Just like Den Burg, Oosterend and Den Hoorn, De Waal was built on one of the boulder clay impoundments from the ice age. On the north-west side of the village (the Polderweg) the height of the village in relation to the Waal and Burg polder is clearly visible. Before this polder was dried for the first time (1436), the sea could flow freely between the village and the high country around Den Burg.

Waal and Burg polder

De Waal lay on the coast until 1613. Then, after the Waal and Burg polder was finally dried, De Waal became located centrally on the island. In 1909, the Society for the Preservation of Nature bought the first land in Waal and Burg, after which the polder became a very important breeding and wintering area for birds.

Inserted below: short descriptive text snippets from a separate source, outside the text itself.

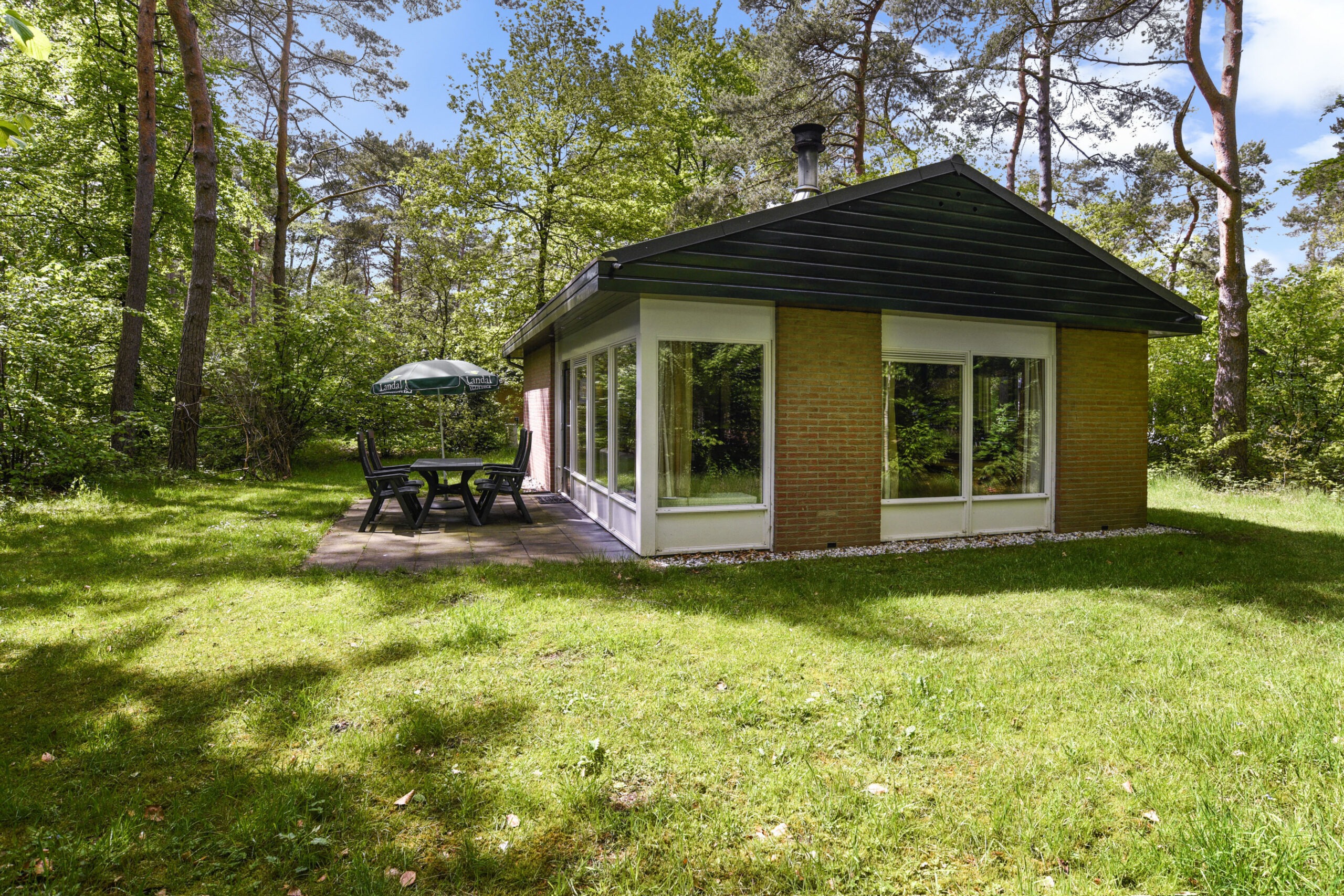 4-persoons bungalow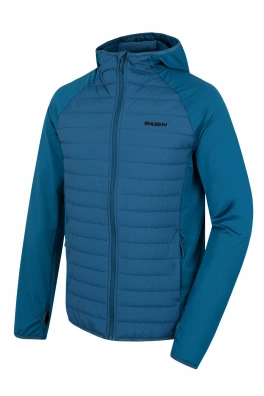 Pánská hybrid mikina Husky Arya M dark blue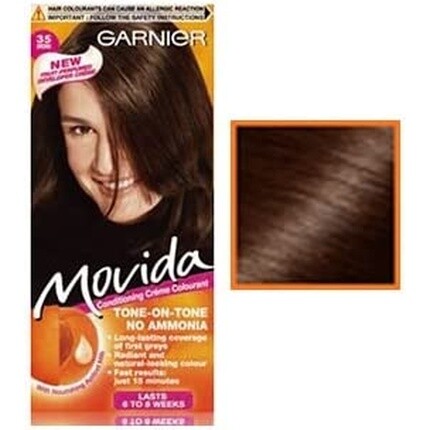 

Полуперманентная краска для волос Movida Color N35 Коричневый, Garnier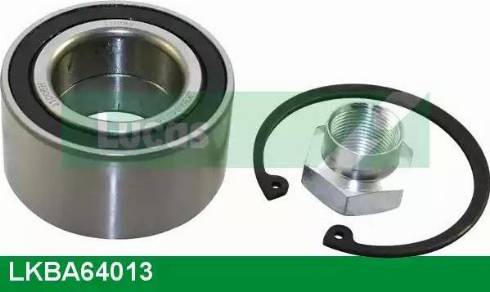 Lucas Engine Drive LKBA64013 - Wheel hub, bearing Kit www.autospares.lv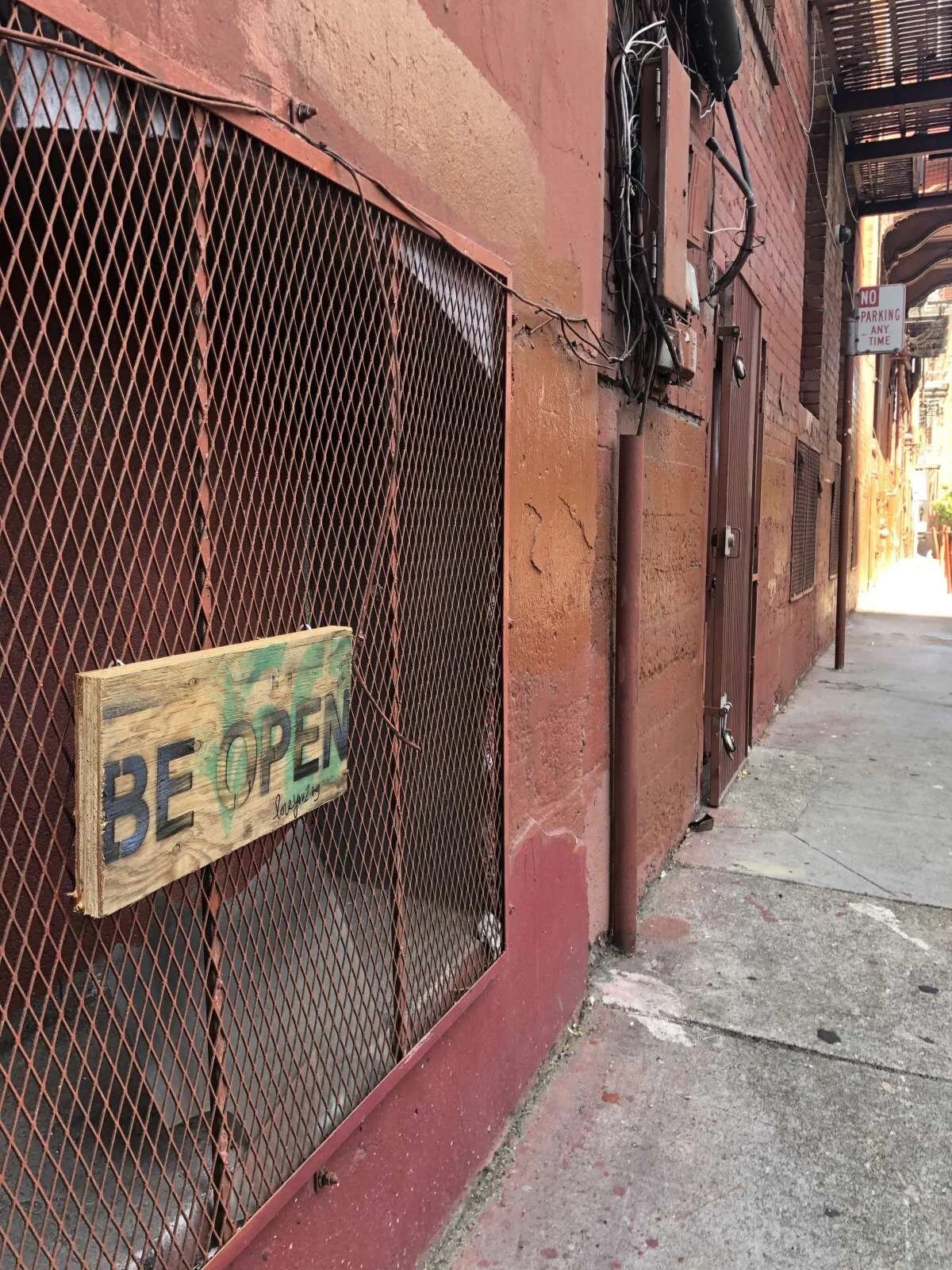 Be open. {Chinatown}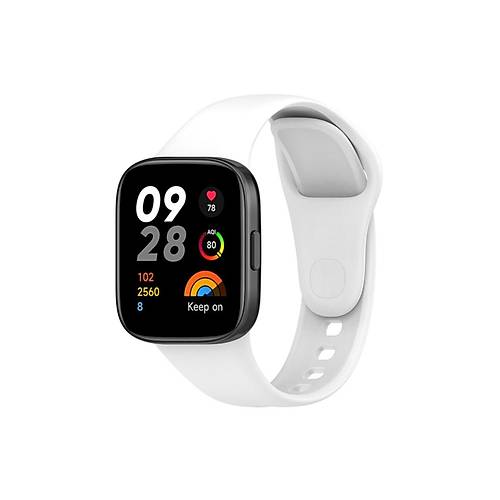 Redmi Watch 3 Klasik Kordon - Beyaz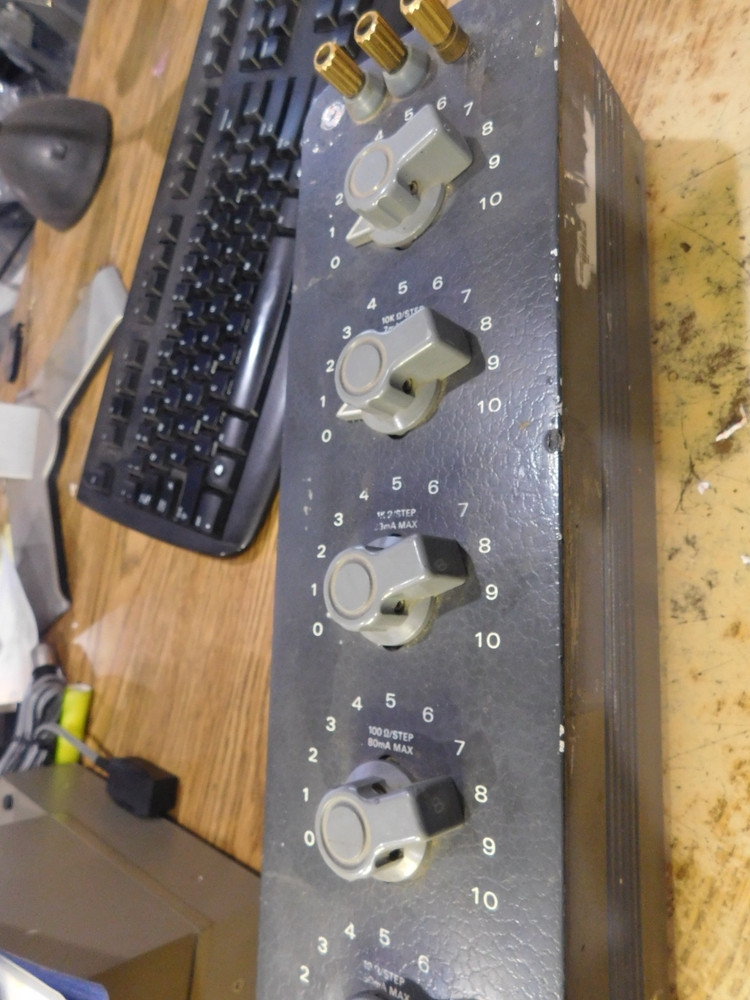 General Radio Model: 1432-P Decade Resistor Device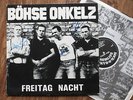 LP Vinyl Böhse Onkelz - Freitag Nacht - signiert Original Autogramme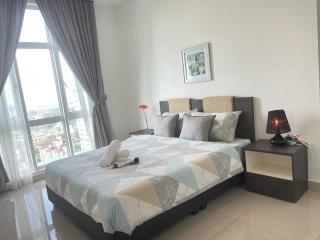 Twin Galaxy Residences 1+1 Homestay @ Johor Bahru - Johor Bahru - 9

Waal and Burg is one of the many nature reserves Texel offers.

The residents of the various hamlets created connections between the higher areas by means of dams. The Bomendiek, the beautiful southern access road to De Waal, is believed to be one of those first dams. Later, this dam was further heightened and, until the Waal and Burg polder was drained, it functioned as a dike.

The old village

A tufa church from the 11th century originally stood in De Waal. This building was demolished in the 19th century and replaced by a brick church. During the revolt of the Georgians at the end of the Second World War, the church burned to the ground. During rebuilding, they encountered the foundations of boulders. The new church was completed in 1952. Until 1961 this church had no tower due to a building stop that was declared on church towers. The organ in the church was part of the Dutch entry to the Expo in Brussels in 1958.